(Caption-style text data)
Content starts

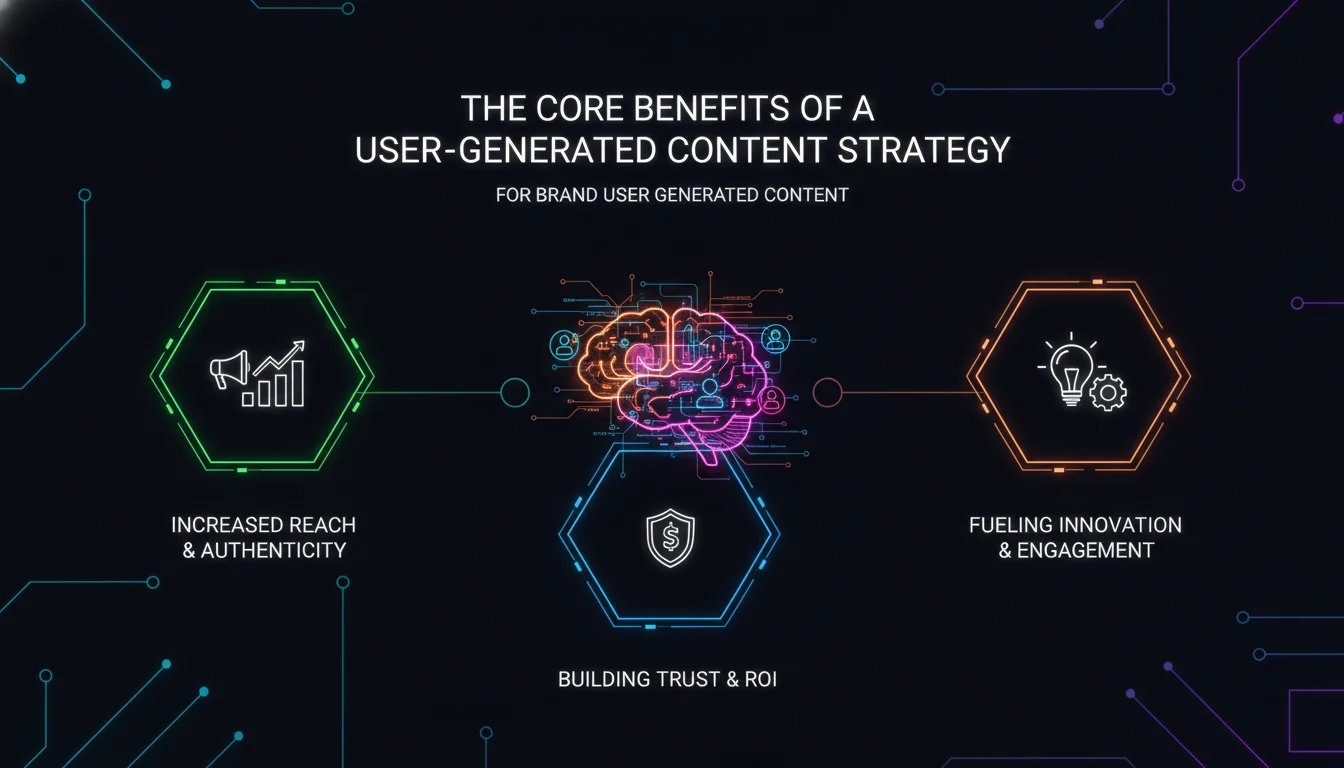 Concept illustration for The Core Benefits of a User-Generated Content Strategy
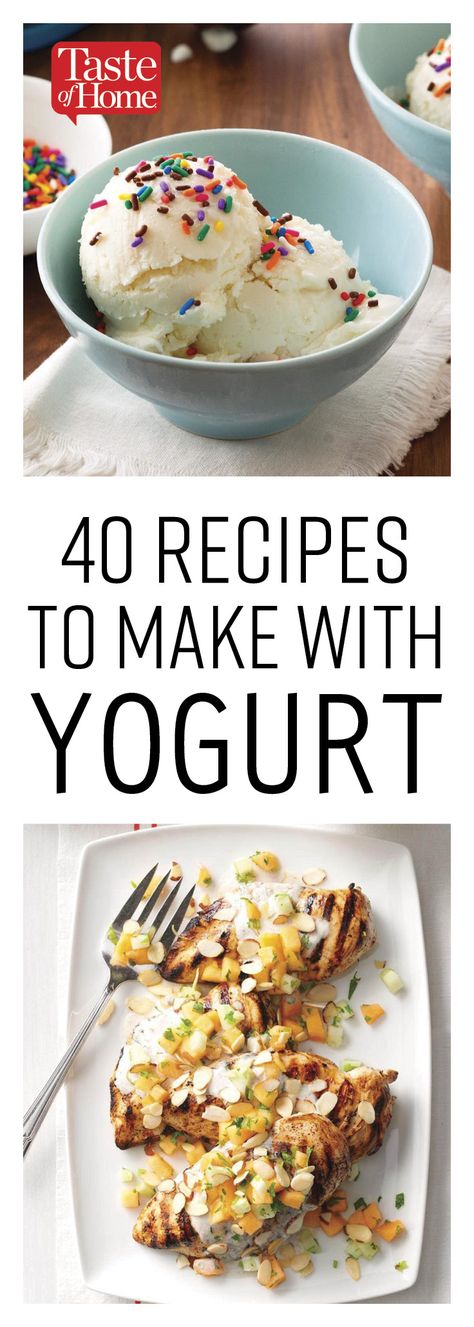 40 Recipes to Make With Yogurt Things To Make With Plain Yogurt, Two Good Yogurt Recipes, What To Do With Yogurt Recipes, Yogurt Based Recipes, Recipes With Whole Milk Yogurt, Recipes For Plain Yogurt, What Can You Make With Plain Greek Yogurt, Recipes That Use Vanilla Yogurt, Plain Yogurt Recipes Dinner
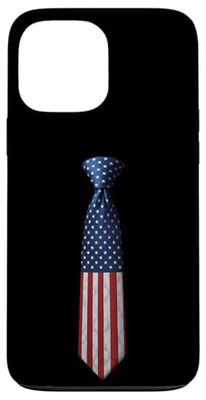 Cravatta con bandiera americana Graphic Independence Day 4 luglio Custodia per iPhone 13 Pro Max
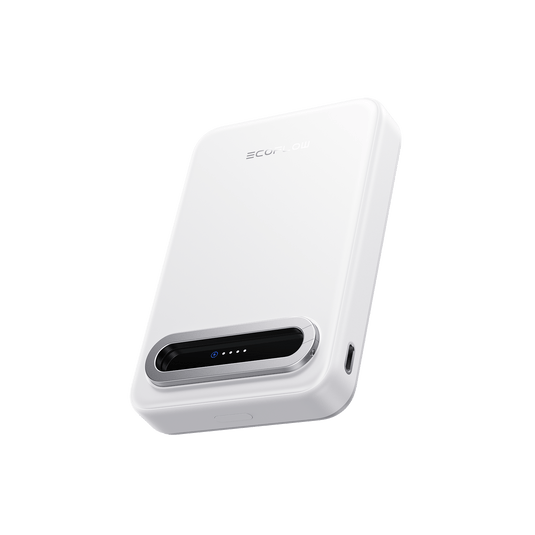 EcoFlow RAPID Mag Qi2 Magnetic Power Bank (10,000mAh, 15W) Pearl White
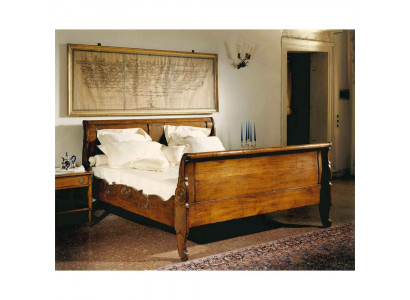 Lit Lits Lit double Chambre Bois Rembourrage Marron Lits doubles neufs
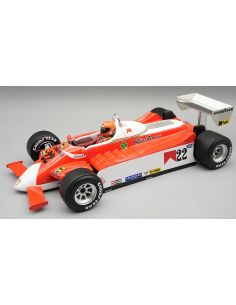 TECNOMODEL TMD18421A ALFA ROMEO 179 N.22 OLANDA GP 1980 V.BRAMBILLA W/DRIVER 1:18 Modellino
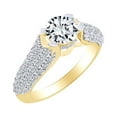 thumbnail image 1 of AFFY 9/10 Cttw Round Shape White Natural Diamond Solitaire Engagement Ring In 14k Solid Yellow Gold (0.9 Carat) Ring Size-11.5, 1 of 1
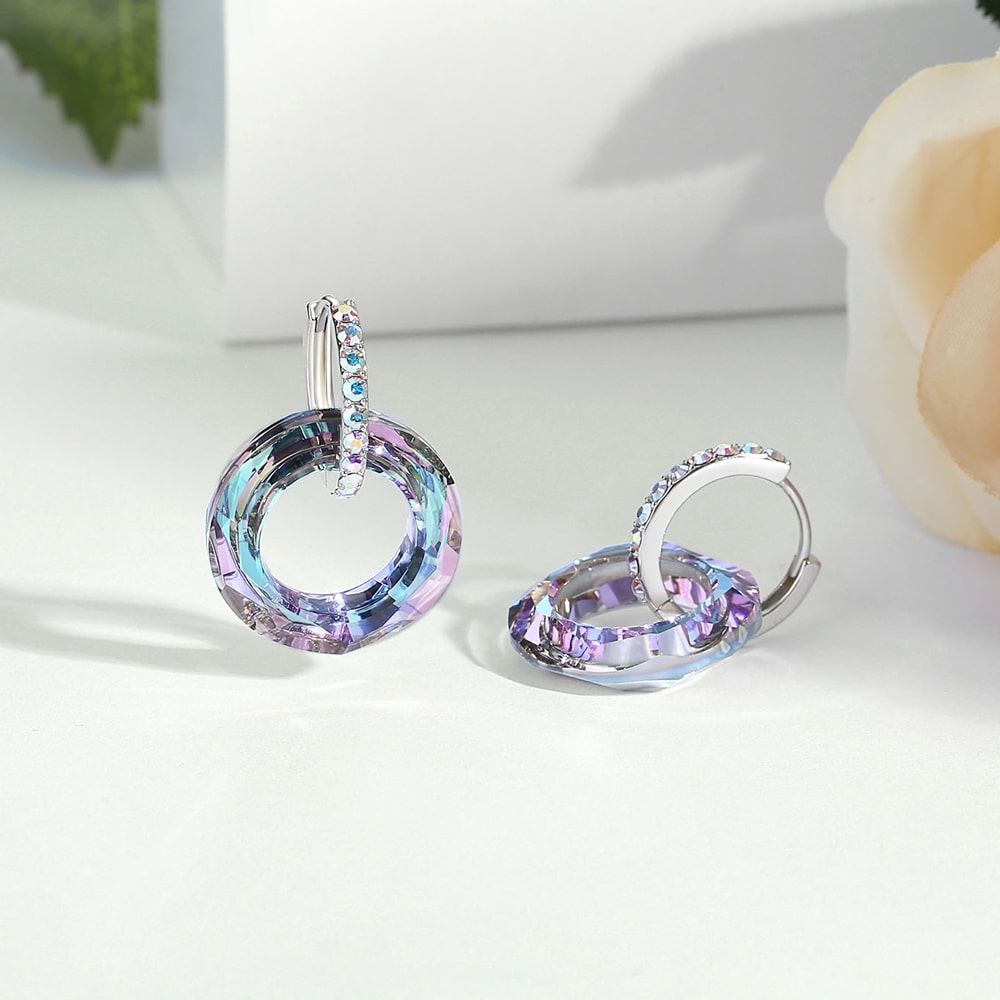 Cosmic Ring Crystal Earrings Jewelry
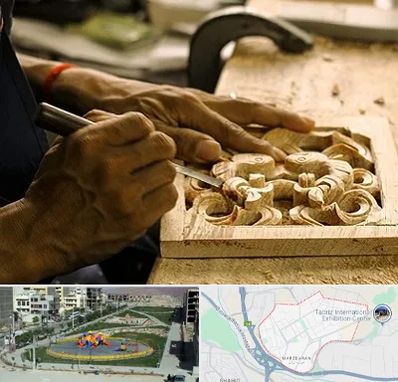 آموزشگاه منبت کاری در مرزداران تبریز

Content ends

## WHAT YOU HAVE TO DO
Please set down the records above word for word and omit their pictures.

## YOUR RESPONSE
 Concept illustration for The Core Benefits of a User-Generated Content Strategy
 40 Recipes to Make With Yogurt Things To Make With Plain Yogurt, Two Good Yogurt Recipes, What To Do With Yogurt Recipes, Yogurt Based Recipes, Recipes With Whole Milk Yogurt, Recipes For Plain Yogurt, What Can You Make With Plain Greek Yogurt, Recipes That Use Vanilla Yogurt, Plain Yogurt Recipes Dinner
 Cravatta con bandiera americana Graphic Independence Day 4 luglio Custodia per iPhone 13 Pro Max
 EcoFlow RAPID Mag Qi2 Magnetic Power Bank (10,000mAh, 15W) Pearl White
 Lit Lits Lit double Chambre Bois Rembourrage Marron Lits doubles neufs
 TECNOMODEL TMD18421A ALFA ROMEO 179 N.22 OLANDA GP 1980 V.BRAMBILLA W/DRIVER 1:18 Modellino
 thumbnail image 1 of AFFY 9/10 Cttw Round Shape White Natural Diamond Solitaire Engagement Ring In 14k Solid Yellow Gold (0.9 Carat) Ring Size-11.5, 1 of 1
 Cosmic Ring Crystal Earrings Jewelry
 آموزشگاه منبت کاری در مرزداران تبریز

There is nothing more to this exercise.